(Supplied data Opens)

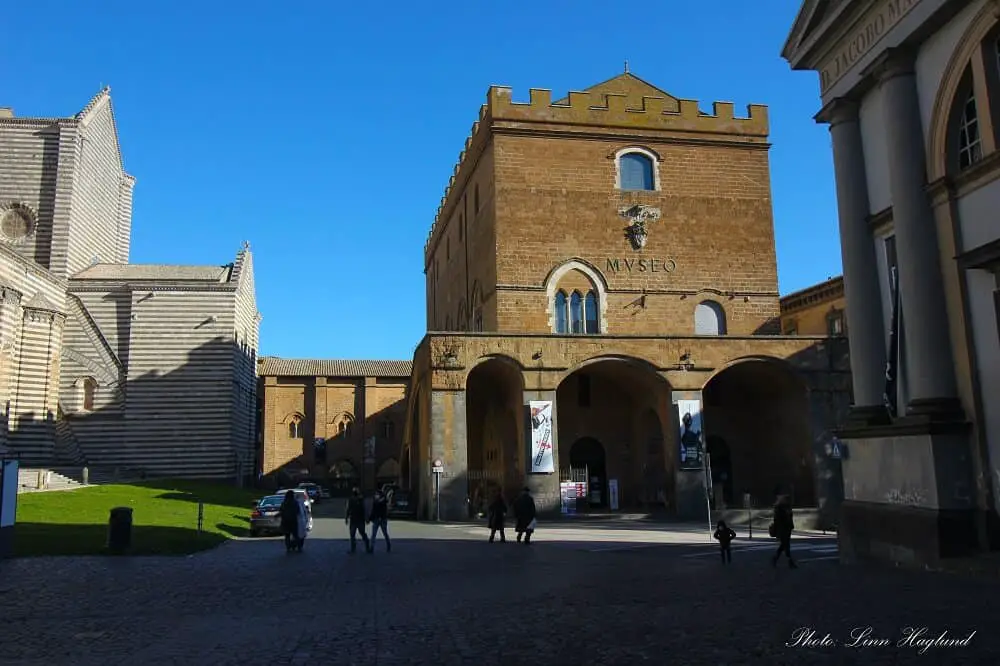 Piazza del Duomo Orvieto Italy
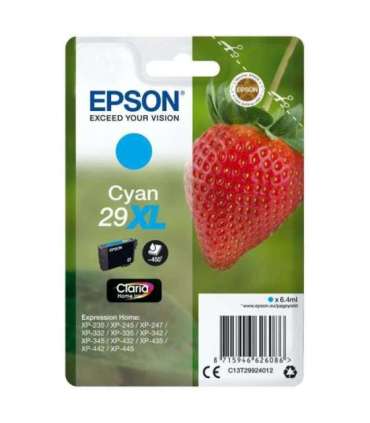 Epson Ink Cyan No 29XL Epson29XL Epson 29XL HC (C13T29924012)
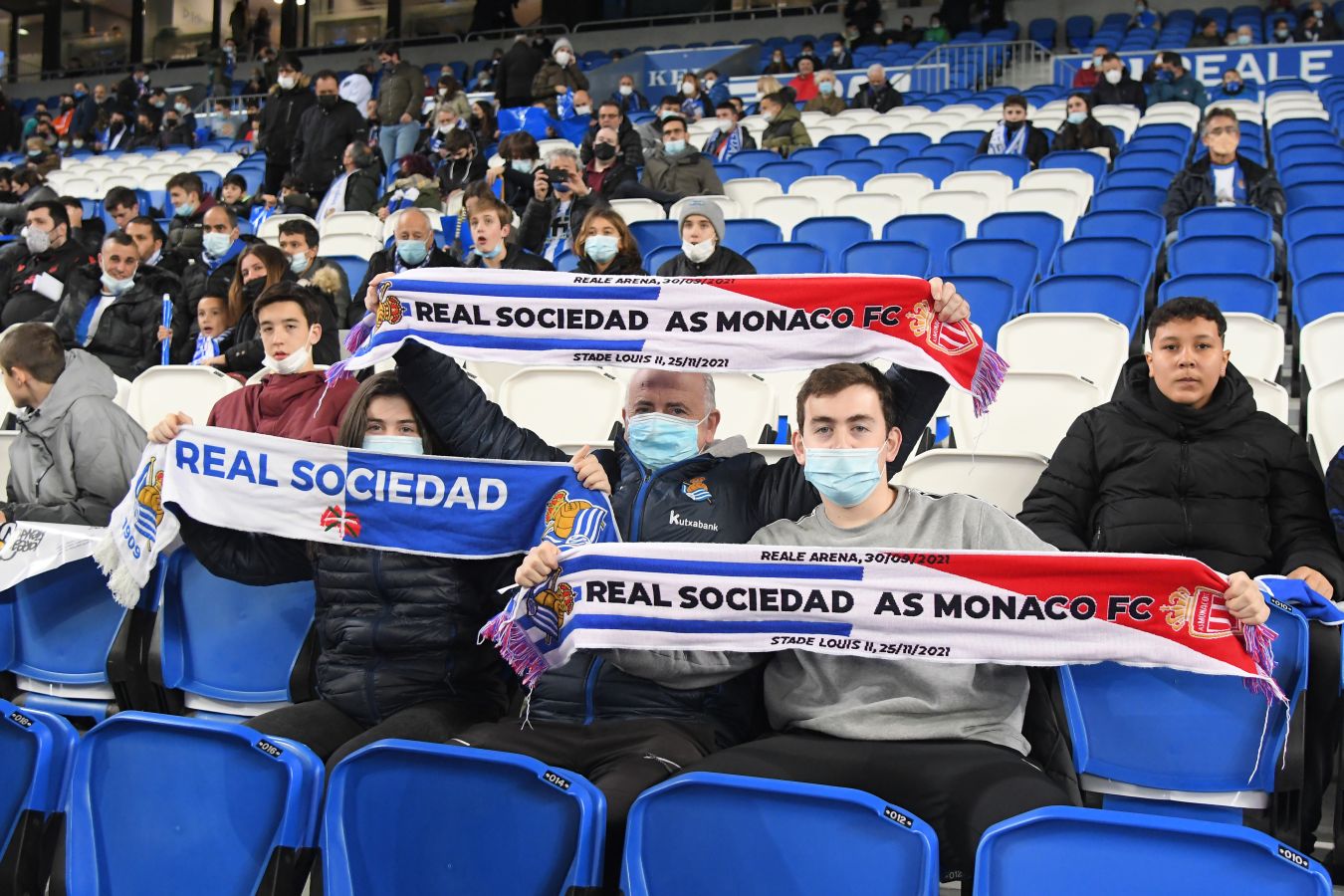 Fotos: ¿Has ido al Reale Arena? Búscate en las gradas del estadio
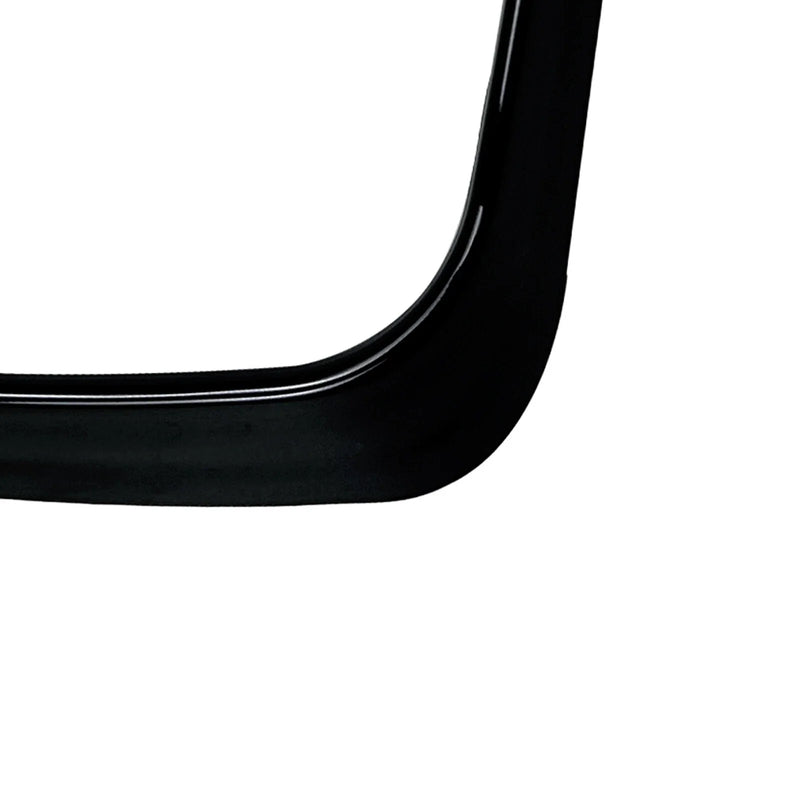 Subaru WRX STI Gloss Black Front Bumper Side Air Vent Trims (2015-2017)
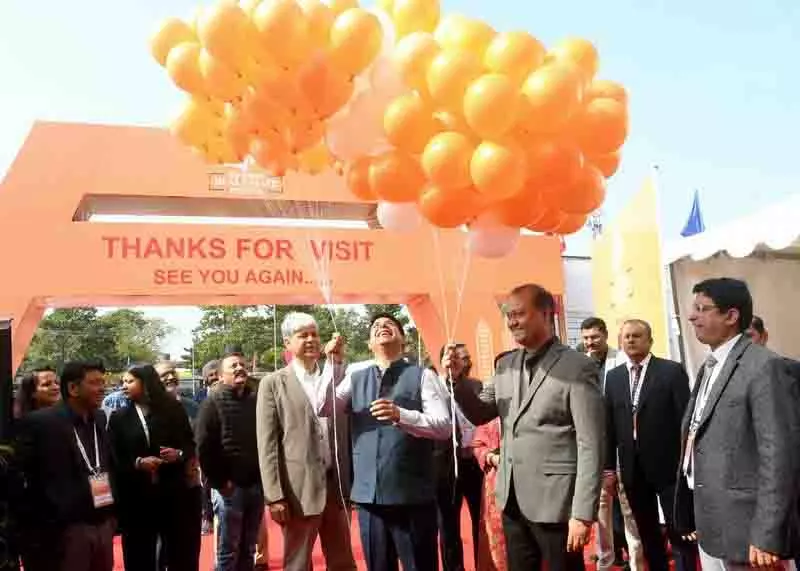 Chandigarh: ट्रिब्यून का रियल एस्टेट एक्सपो उत्साहपूर्ण प्रतिक्रिया के साथ शुरू हुआ Chandigarh: ट्रिब्यून का रियल एस्टेट एक्सपो उत्साहपूर्ण प्रतिक्रिया के साथ शुरू हुआ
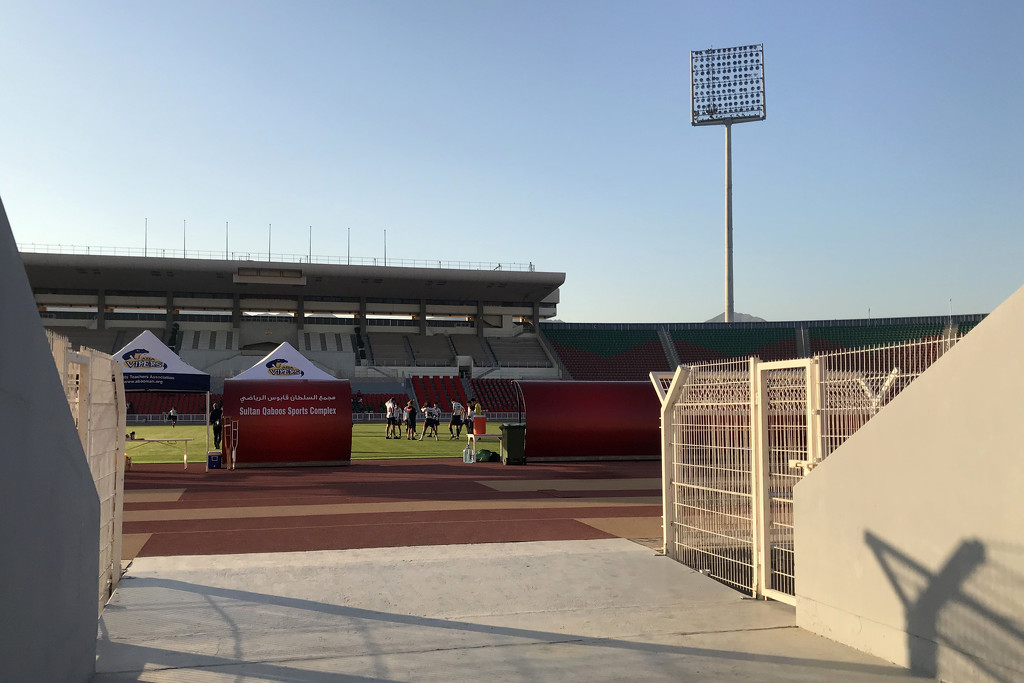 Sultan Qaboos Stadium by ingrid01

(Supplied data Closes)

◆ **Exercise directions**:
Reproduce the data above exactly, leaving each picture out.

◆ **Your response**:
 Piazza del Duomo Orvieto Italy
 Epson Ink Cyan No 29XL Epson29XL Epson 29XL HC (C13T29924012)
 Fotos: ¿Has ido al Reale Arena? Búscate en las gradas del estadio
 Subaru WRX STI Gloss Black Front Bumper Side Air Vent Trims (2015-2017)
 Chandigarh: ट्रिब्यून का रियल एस्टेट एक्सपो उत्साहपूर्ण प्रतिक्रिया के साथ शुरू हुआ Chandigarh: ट्रिब्यून का रियल एस्टेट एक्सपो उत्साहपूर्ण प्रतिक्रिया के साथ शुरू हुआ
 Sultan Qaboos Stadium by ingrid01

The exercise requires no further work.